For this exercise, copy exactly the lines below from the one with "frio-congelant" through the one with "Friendy Easter--Egger paying" and leave out the pictures.
[MATERIALS PROVIDED Boundary: Start]
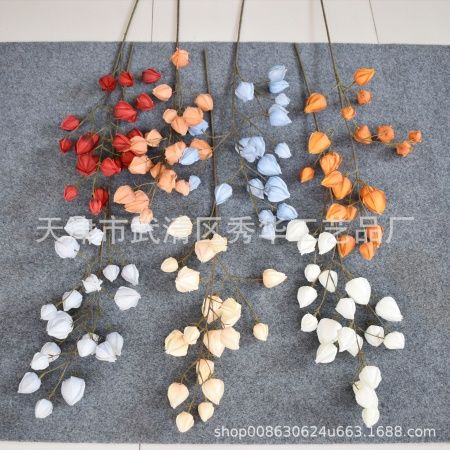 физалис 4 ветки коричневый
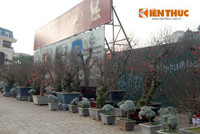 Đi chợ đào “đại gia”, soi giá đào thế Hà Nội ảnh 8 Di cho dao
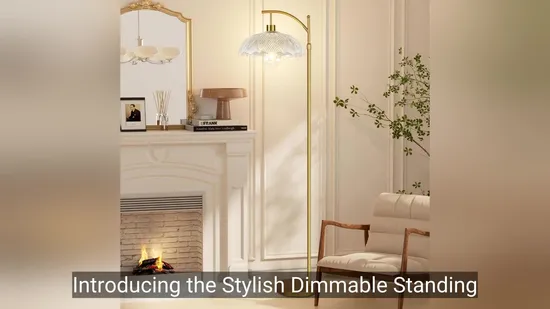 Stylish Modern Floor Lamp for Living Room and Bedroom 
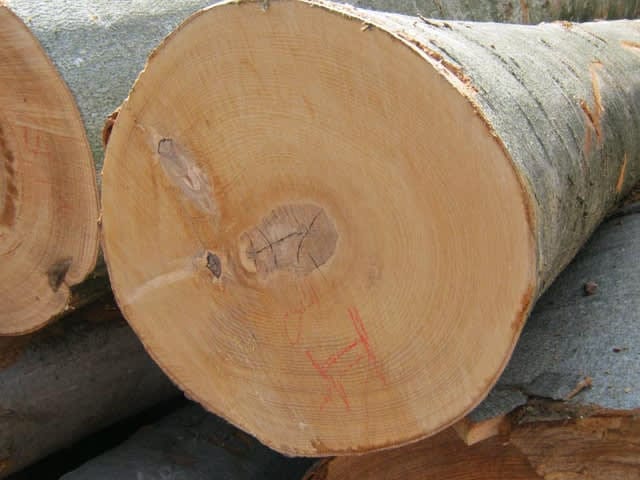 Hoe herken je droog hout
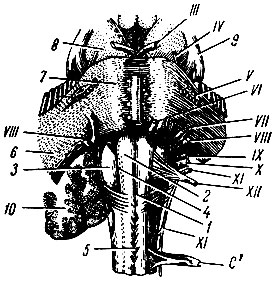 . 254.       . 1 -   ; 2 - ; 3 -  ; 4 -   ; 5 -  ; 6 -   ; 7 -  ; 8 -  ; 9 -  ; 10 - ; III -  ; IV -  ; V -  ; VI -  ; VII -  ; VIII-IX -      - ; X -  ; XI -  ; XII -  ; C1 -    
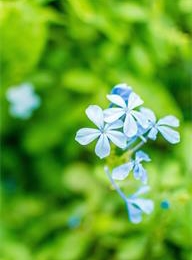 welcome大发系统-追求康健,你我一起生长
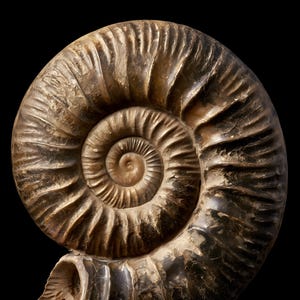 Stampa di un fossile di ammonite a spirale, arte murale dark academia (download digitale) immagine 8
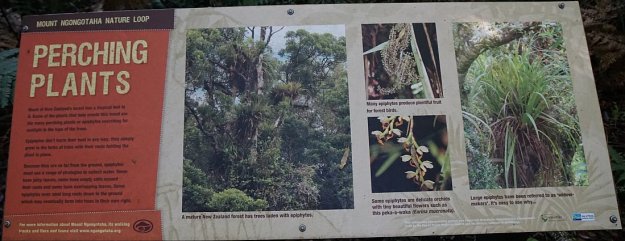 DSC04335_MtNgongotaha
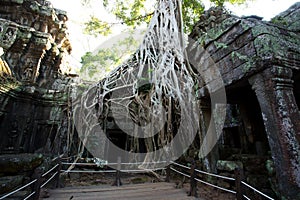 Tomb Raider Tree in Ta Prohm Temple, Temples of Angkor, Cambodia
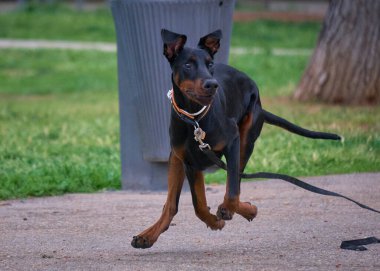 Doğadaki kara köpek.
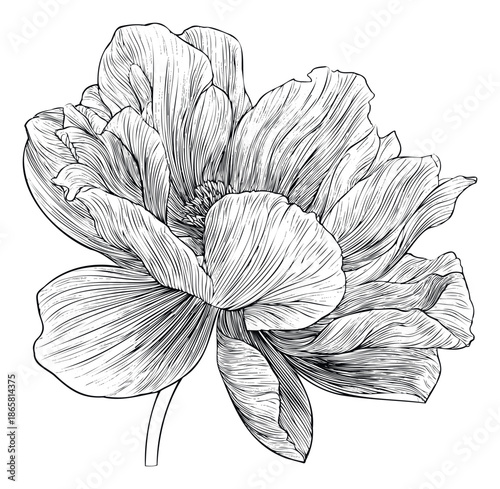 Elegant hand drawn botanical graphic of a blooming flower with delicate petals showcasing organic beauty ideal for sophisticated prints invitations or textile embellishments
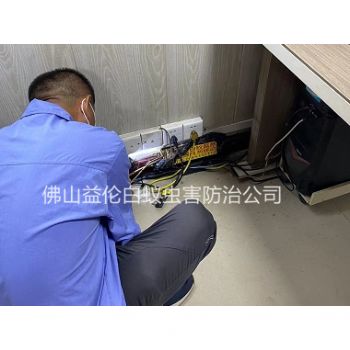 大良房屋治白蚁工程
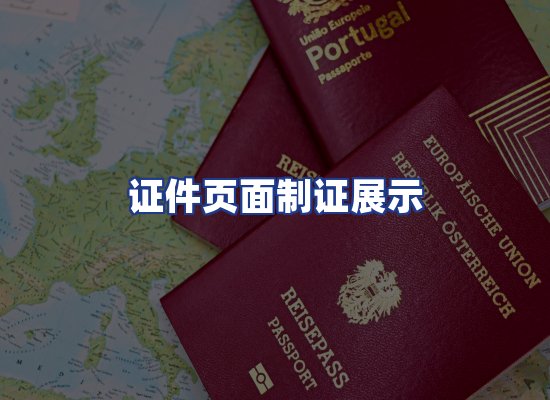 证件页面制证展示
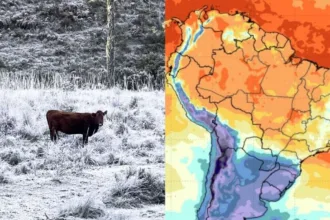frio-congelante-coloca-mais-de-120-cidades-do-sul-do-brasil-em-perigo-–-nsc-total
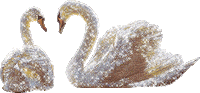 swan STICKER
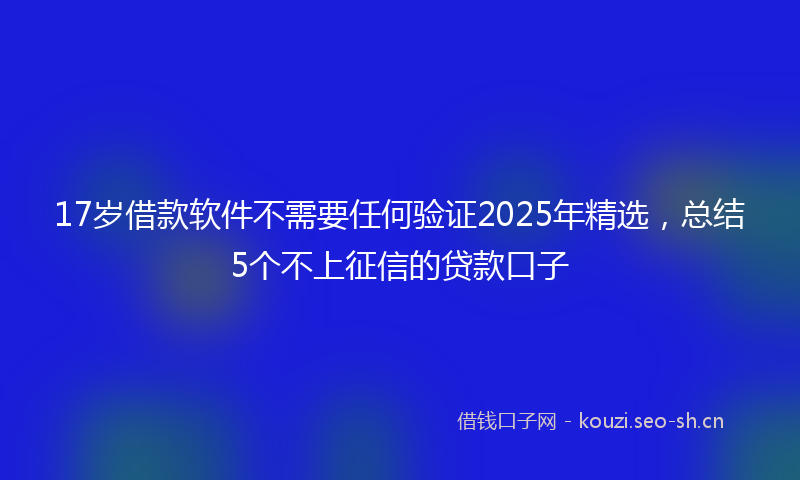17岁借款软件不需要任何验证2025年精选，总结5个不上征信的贷款口子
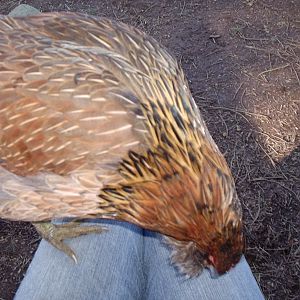 Friendy Easter--Egger paying me a visit.  Beauty Queen.
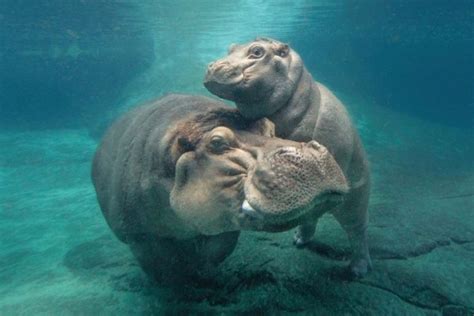 Download for free a picture of a hippo #491760, download othes gambar untuk mewarnai kuda nil for free. 5 Hal Menarik dari Kuda Nil, Hewan Berwajah Lucu yang Ganas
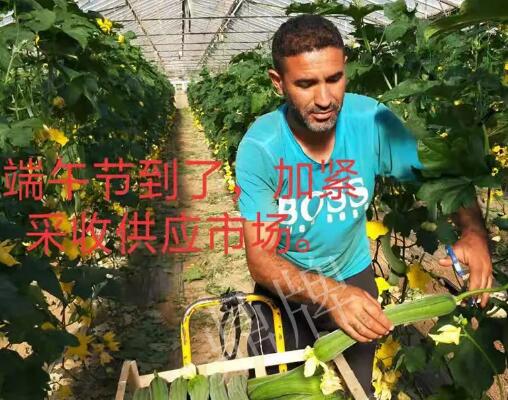 蔬菜種子種植戶客戶點評-羨慕！每公斤24元，“優(yōu)比1號”在法國的表現(xiàn)…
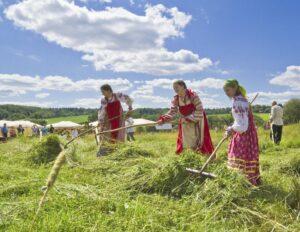 Cенокос Cенокос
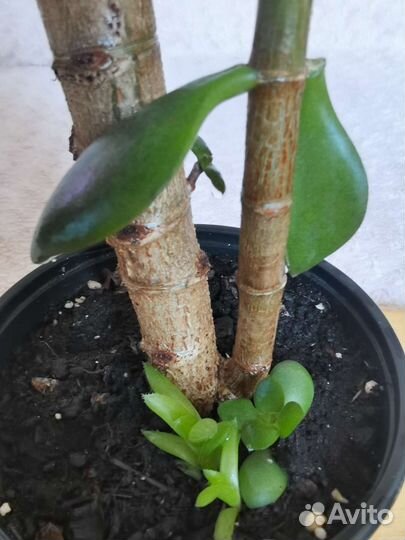 Толстянка древовидная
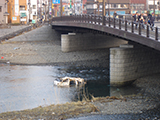 岩手県 釜石市 被災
[MATERIALS PROVIDED Boundary: End]
◆ YOUR RESPONSE:
frio-congelante-coloca-mais-de-120-cidades-do-sul-do-brasil-em-perigo-–-nsc-total
 swan STICKER
17岁借款软件不需要任何验证2025年精选，总结5个不上征信的贷款口子
 Friendy Easter--Egger paying me a visit.  Beauty Queen.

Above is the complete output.